Once you reach the line that holds "duermen las Abejas?" in the listing below, output it and every line after it through the line that holds "Greater Double-collared Sunbird", word for word.

Task inputs =
________

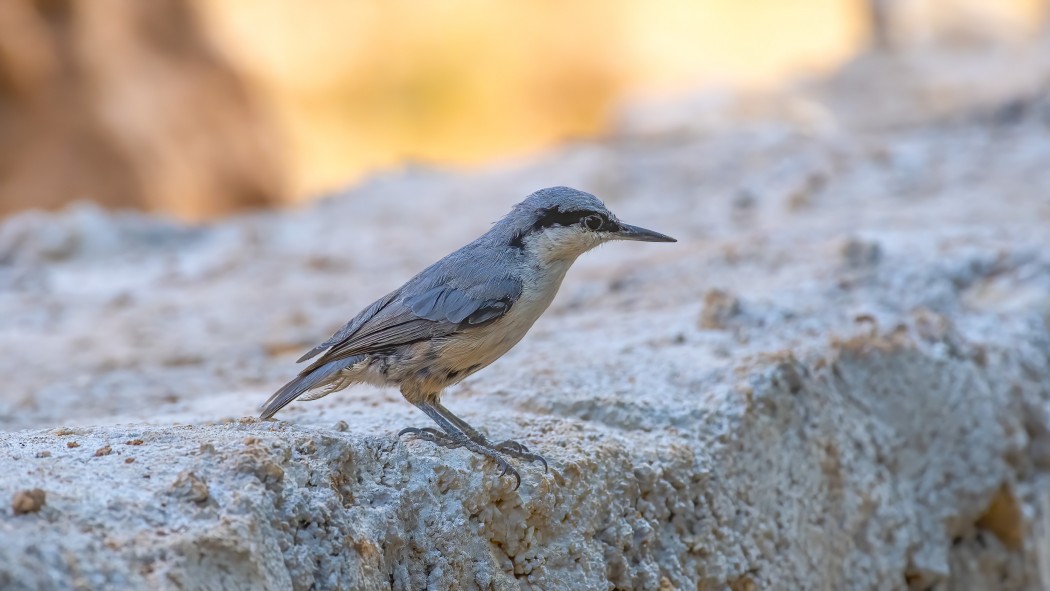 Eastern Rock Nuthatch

________

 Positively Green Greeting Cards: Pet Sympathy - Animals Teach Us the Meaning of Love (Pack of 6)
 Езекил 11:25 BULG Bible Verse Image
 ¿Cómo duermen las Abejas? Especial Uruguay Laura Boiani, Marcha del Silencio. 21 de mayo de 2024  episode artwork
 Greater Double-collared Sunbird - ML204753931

________

Response box =
 ¿Cómo duermen las Abejas? Especial Uruguay Laura Boiani, Marcha del Silencio. 21 de mayo de 2024  episode artwork
 Greater Double-collared Sunbird - ML204753931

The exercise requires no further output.